* _Exercise materials_:
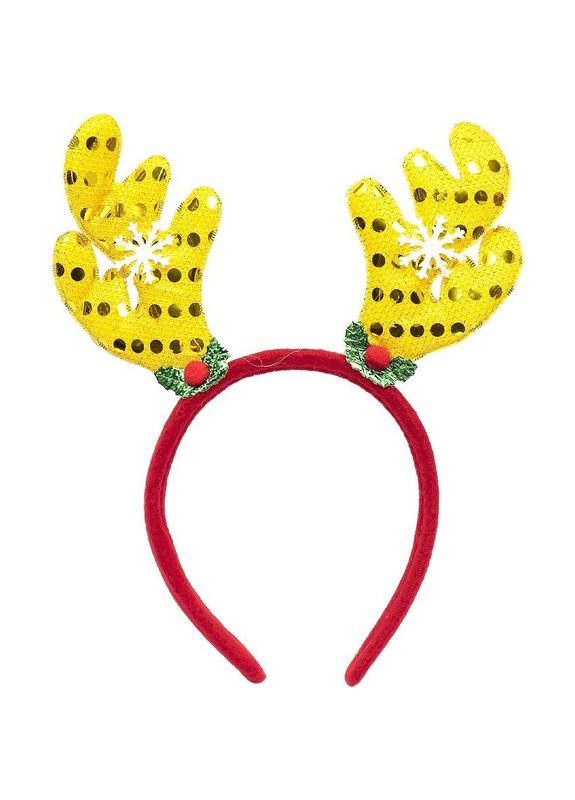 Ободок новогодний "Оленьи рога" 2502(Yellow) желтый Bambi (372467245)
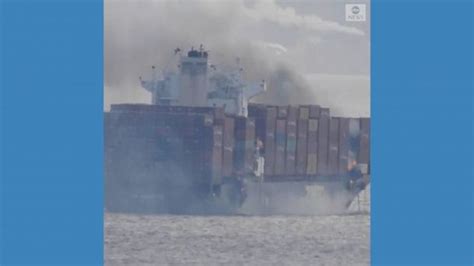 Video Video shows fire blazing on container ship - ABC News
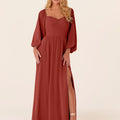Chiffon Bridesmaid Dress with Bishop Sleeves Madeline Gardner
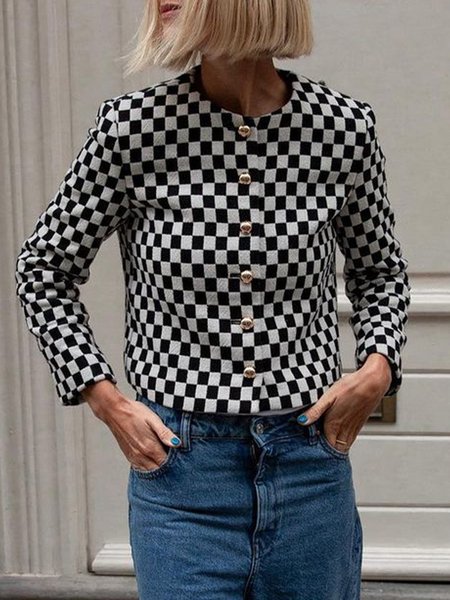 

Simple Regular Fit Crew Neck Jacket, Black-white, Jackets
---
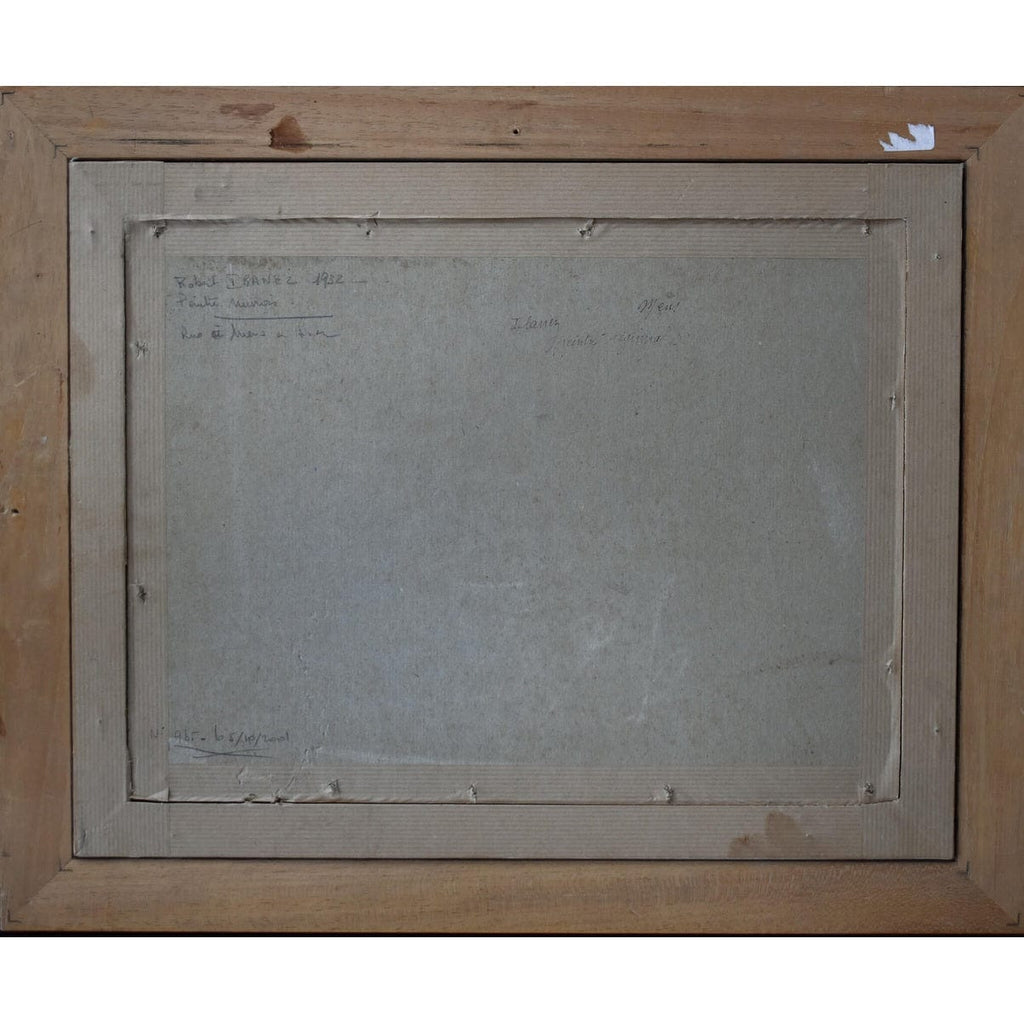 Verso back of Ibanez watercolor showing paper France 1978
==
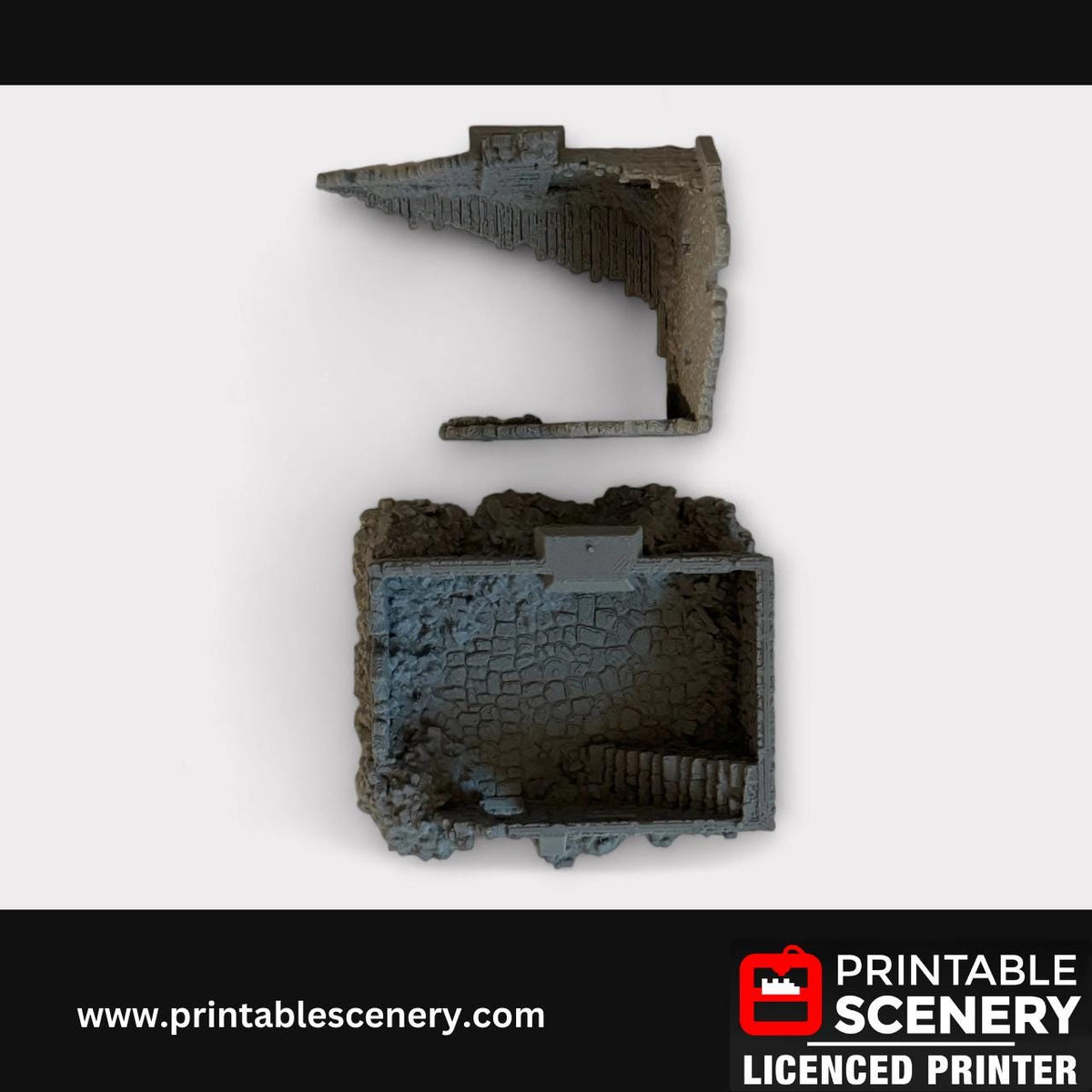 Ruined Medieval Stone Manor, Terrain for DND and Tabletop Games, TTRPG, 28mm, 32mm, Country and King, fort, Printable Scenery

* _Task instructions_:
Give back exactly the lines of the listing above from the one that contains "Video Video shows" up to and including the one that contains "Simple Regular Fit", but not the pictures, and no other lines.

* _Exercise output_:
 Video Video shows fire blazing on container ship - ABC News
Chiffon Bridesmaid Dress with Bishop Sleeves Madeline Gardner

Simple Regular Fit Crew Neck Jacket, Black-white, Jackets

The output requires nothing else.